Some bisexuals choose to ignore or suppress their feelings because they don't understand them.

Serenity Cressler thought the homosexual feelings she began to feel at 14 meant she was a lesbian, so she avoided them.

"It didn't make sense to me, because I was also attracted to guys," said Cressler, a creative writing and women's studies sophomore. "I had a fear that I might be gay. I didn't know what bisexuality was, I didn't know it existed. It was pretty easy to ignore those feelings for the time, but as I got older it became increasingly harder to ignore."

Some bisexuals feel that their bisexuality is only a stop on the way to becoming homosexual. They later realize they don't have to choose.

Cressler said, "I thought I was gay, and bisexuality was leading me into becoming gay, a transition. But now I can't deny I am attracted to men."

Murphy said, "I had people telling me that if you were bisexual, you were going to become (only) homosexual. I've been aware of the Kinsey scale, and I saw no reason why somebody couldn't fall in the middle and stay there.

"And still to this day, both my straight and gay friends will tease me, 'Oh, you just haven't decided yet,' and I'm like, 'No, I'm pretty sure', I'm already 26!"

An overabundance of bisexual stereotypes keep many people from having any kind of understanding of bisexuality.

Krassow said, "The way I hear it from a lot of people is that a bisexual is too greedy, or they can't just decide at all."
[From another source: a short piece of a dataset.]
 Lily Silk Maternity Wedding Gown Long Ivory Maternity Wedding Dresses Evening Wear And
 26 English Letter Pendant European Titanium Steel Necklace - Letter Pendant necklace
Murphy said, "I hear that people think bisexuals are promiscuous and will have sex with anyone or anything. Fortunately, being in college, I tend to deal with people who are more educated toward this type of thing."

Bisexuals feel they can have relationships with either sex, but some do have a preference. Both Krassow and Cressler feel more attracted to women at this time. Zimmerman feels more physically attracted to men, but more emotionally attracted to women. Murphy said he doesn't have a preference.
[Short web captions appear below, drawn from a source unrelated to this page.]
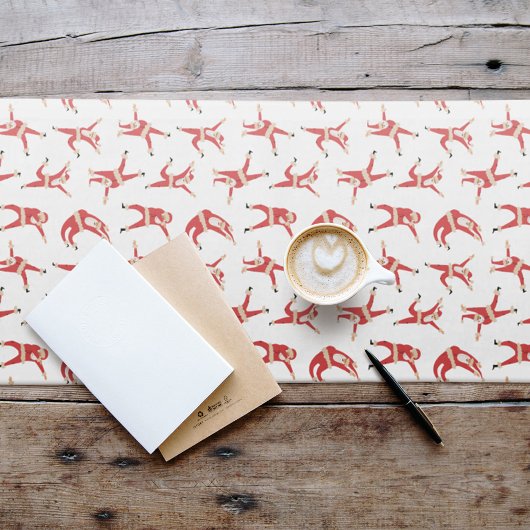 Dabbing Santa Leuk Kerstpatroon Korte Tafelloper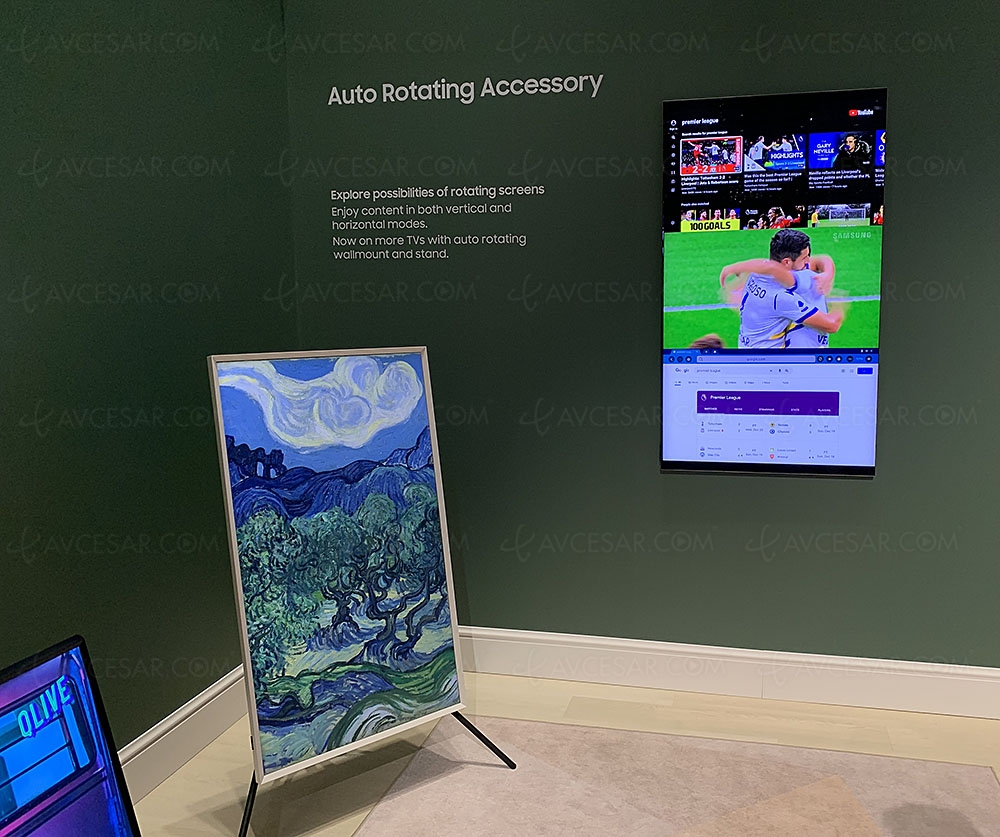 IFA 22 > Esprit The Sero, es‑tu là&nbsp;? Pied et fixations murales rotatifs pour&nbsp;TV&nbsp;Samsung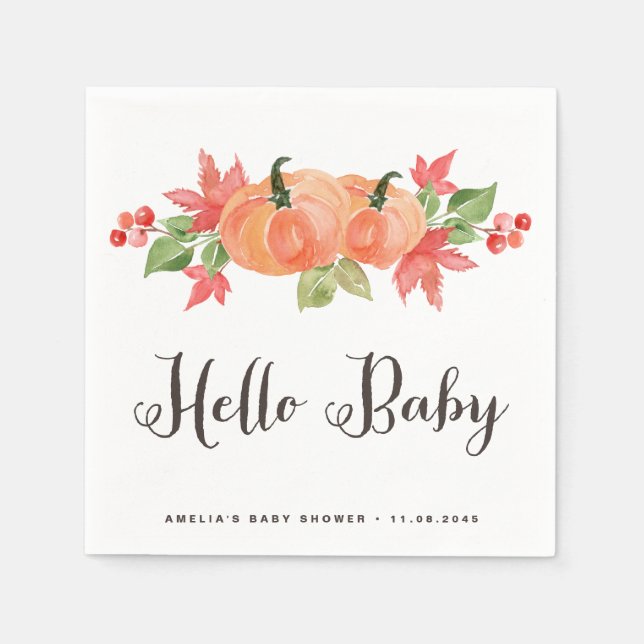 Watercolor Pumpkin and Maple Leaves Baby Shower Napkins (Front)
Sometimes preference is construed as an exclusive interest in either homosexuals or heterosexuals. Often the labels are used by bisexuals themselves.

Zimmerman said, "If I say I'm more sexually attracted to guys, but I'd rather have a woman for a companion, people are confused and they say, 'Oh, you're just gay then, and you want to fit into society.' "
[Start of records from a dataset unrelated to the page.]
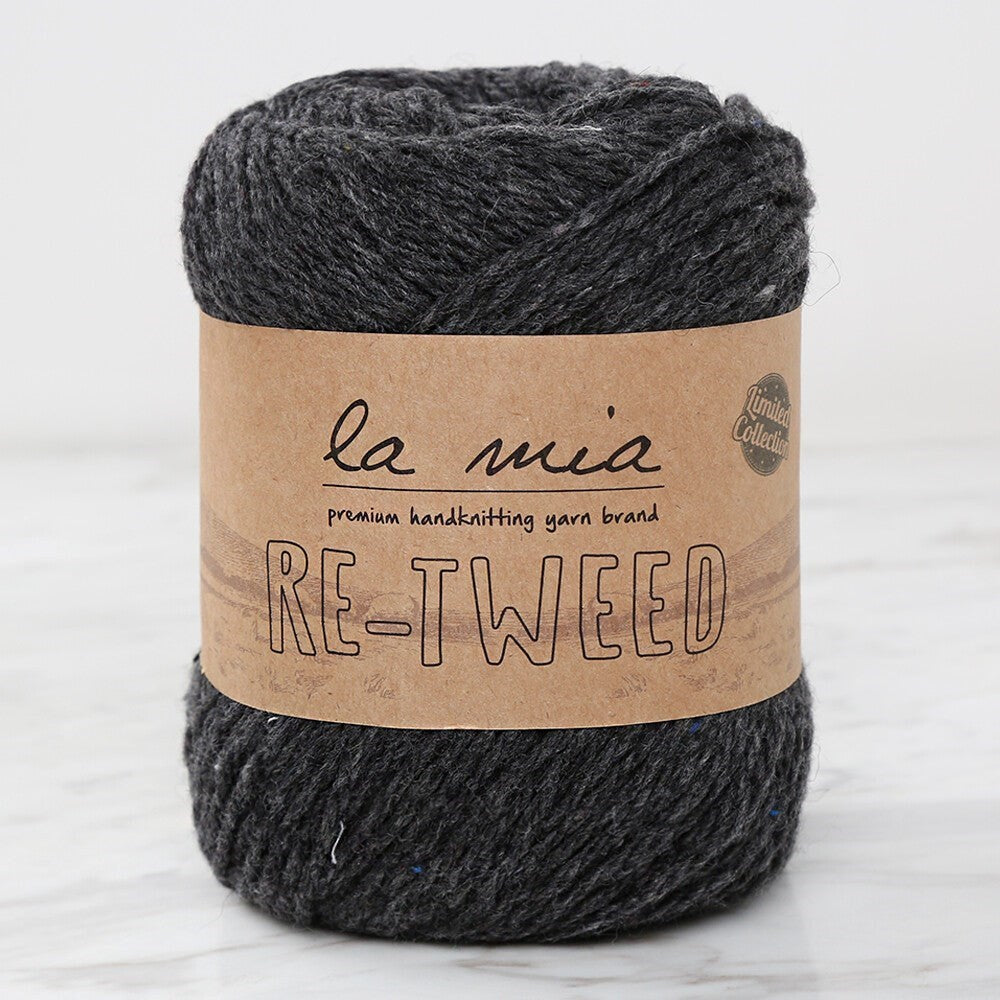 La Mia Re-Tweed Koyu Gri Melanj El Örgü İpi - L158 - UcuzaGeliyor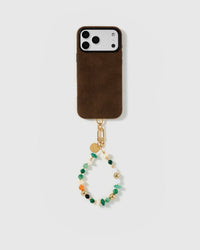 Handmade beaded phone strap on a black case, rated 4.9 across 5,000+ reviews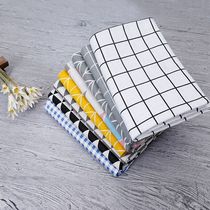 Literary fresh floral cotton linen cloth linen black and white plaid linen sand release handmade diy tablecloth fabric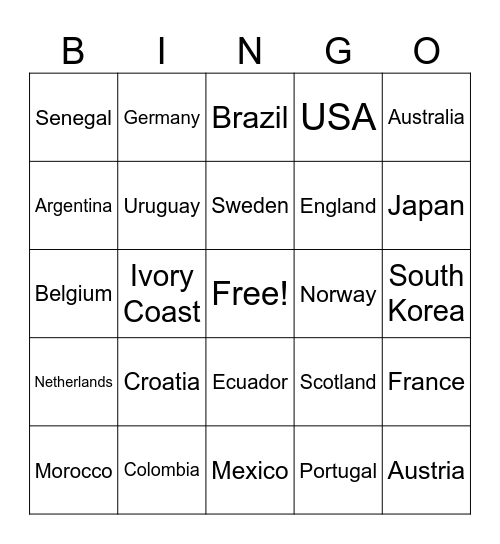 World Cup Bingo Card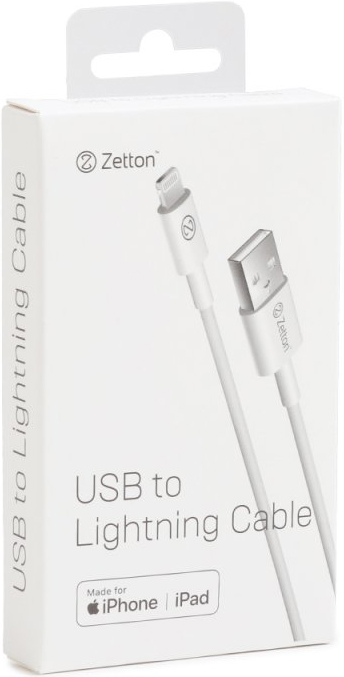 Дата-кабель Zetton USB-A-Lightning MFI 1м White (ZTUSBMFI3A8) 0307-0743 USB-A-Lightning MFI 1м White (ZTUSBMFI3A8) - фото 3
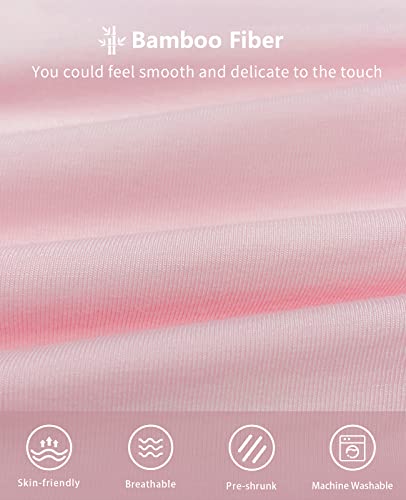 Qualfort Women's Bamboo Nightgown - Short Sleeve Nightdress Soft Nightgowns V-Neck Sleepwear Pink X-Large #TOP4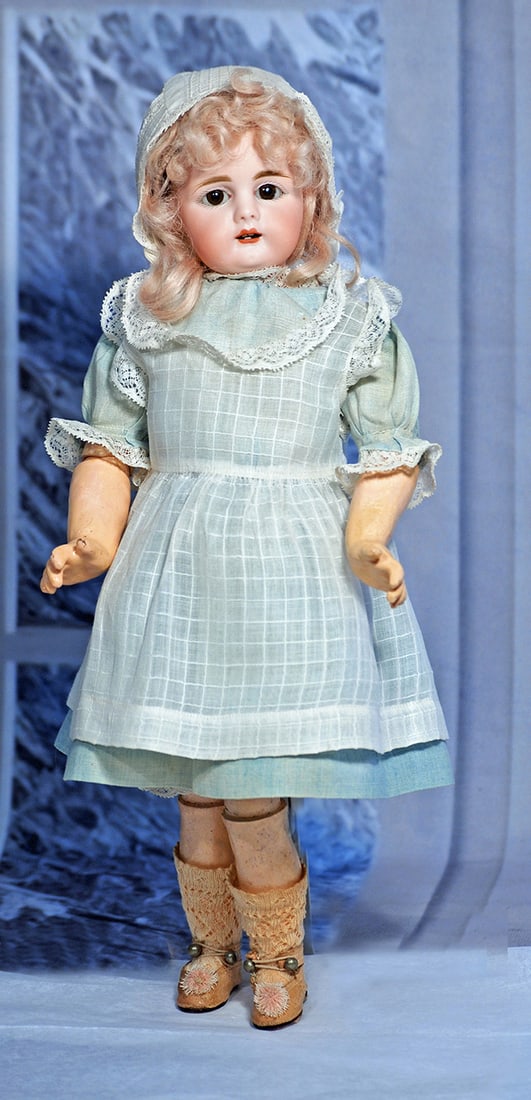 GERMAN BISQUE CHILD, 949, BY SIMON AND HALBIG 14”: 14” Marks S H 5 949 Bisque socket head, brown sleep eyes, painted lashes, feathered brows, open mouth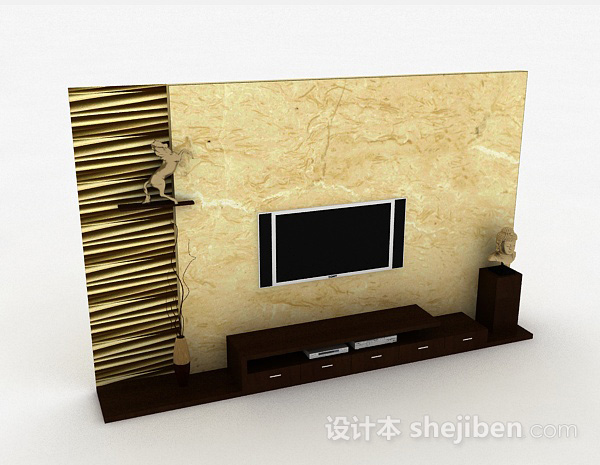 现代风格大理石花纹电视背景墙3d模型下载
Krassow said, "I usually tell people I'm gay, just because I tend to talk more about women and am more attracted to women. I've gotten a lot of opposition for that. (Lesbians) want me to say I'm straight."

Murphy said, "People call me gay, and that's fine. It's a problem when they start to think it. I don't mind it for the purposes of organizations or lobbying, for getting political power, or even for social reasons."

Because bisexuals do not fit the rigid standards of heterosexuality or homosexuality society, they are often shunned by both.

Jeff Tarantino, a computer engineering freshman, said that some homosexuals refuse to believe bisexuals can have true homosexual feelings.

"I'd be nothing less than a hypocrite if I discriminated against somebody else for the same reason I was discriminated against. It would be the pot calling the kettle black. It would defeat the purpose."

The apparent sexual ambiguity of bisexuals shouldn't be considered wrong, because sexuality can change over time, said Binder.

"A person may label themselves heterosexual and only after 15 or 20 years of experience decide they're bisexual or gay, or the other way around. Because coming out as a gay person requires much more of an act of decision than coming out as a straight person, you assume that there's a little less of figuring that out later."

Ultimately, bisexuals are looking for the same thing heterosexuals and homosexuals are-love and companionship.

"I think when it comes down to it, it doesn't matter who it is, what gender is in our life," said Zimmerman. "We're humans, we need people to give us support, to care for us. It doesn't matter if you're gay or straight or bisexual."